Nie, nie brzydzę się nosić po kimś ciuchów. Nie zależy mi na ubraniach z markowych sklepów. Kupuję to co mi się podoba. A jeśli kiedyś będę miała dzieci to także będę kupować dla nich ubranka w ciucholandach. No i w lumpeksach można znaleźć czasem fajne materiały/zasłony/firany/serwety w śmiesznych cenach (to na ogół jest tanie).
Mam nadzieję, że nie będziecie mieć mi za złe, jeśli od czasu do czasu wkleję tutaj swoje "łupy" :]
W sumie to niewiele odbiegnę od tematu szycia bo przeważnie swoje lumpeksowe zakupy muszę przerabiać - ma to więc związek z szyciem :] W czasie studiów takie przeróbki czyli zmniejszanie, skracanie, doszywanie, zaszywanie itp. były alternatywą od normalnego szycia.

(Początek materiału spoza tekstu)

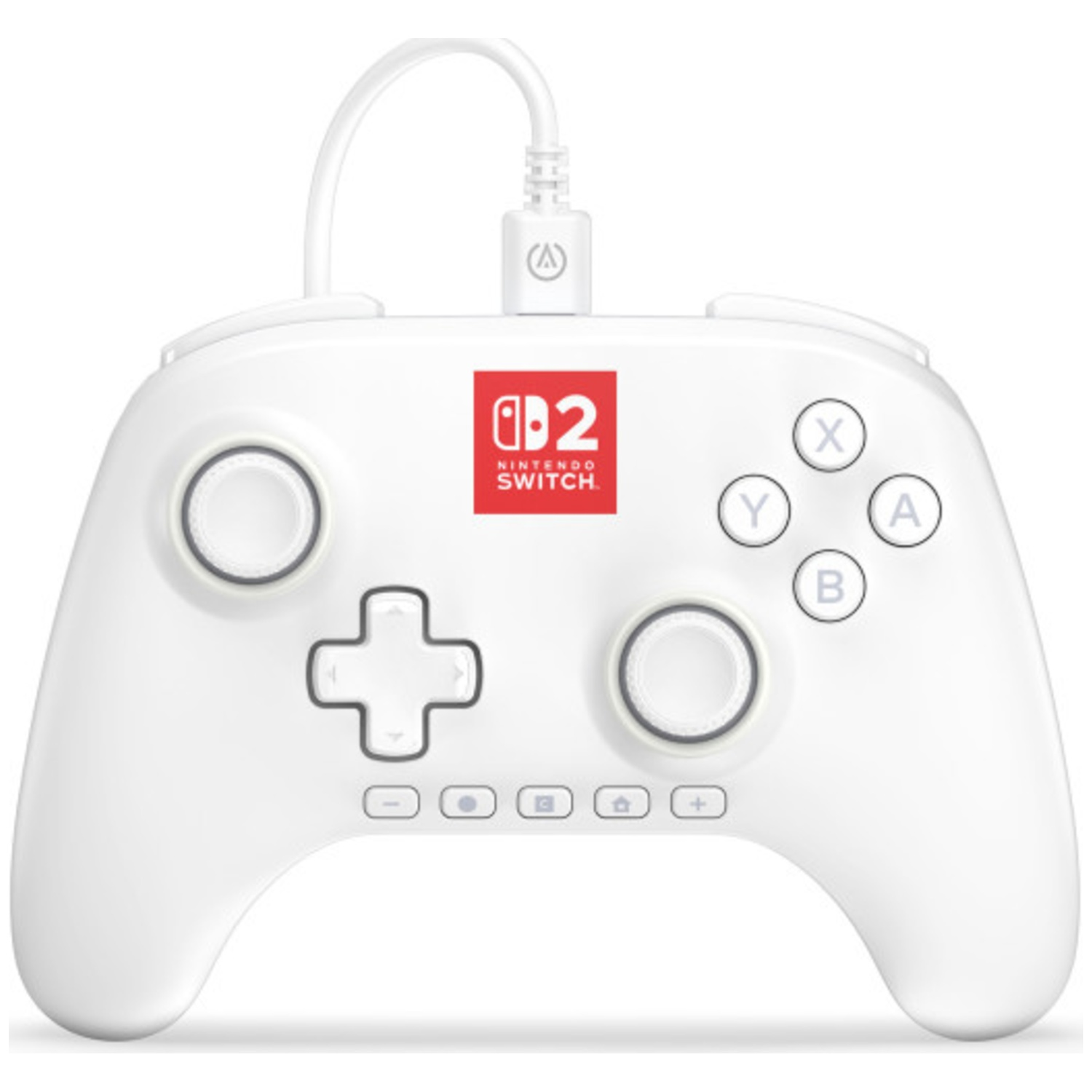 Une manette Nintendo Switch blanche. Comprend des boutons, une croix directionnelle et des joysticks. Le logo Nintendo Switch est visible.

Dobra, dość biadolenia, czas przejść do konkretów.
Mój najnowszy łup: sukienka z falbankami "New York Laundry", nówka sztuka z metką. Zauroczył mnie fason - załamała cena (35 zł!!!) ale wzięłam bo pomyślałam, że dam radę ją przerobić. Jak zwykle była na mnie za duża, miała z przodu wielgachną kokardę, która kompletnie mi się nie spodobała a kryty zamek był oczywiście zepsuty. No ale nie mogłam się jej oprzeć. I dobrze. Kupiłam, przerobiłam, wszyłam nowy zamek i mam super kreację na taneczne imprezy, na które wybieramy się z mężem.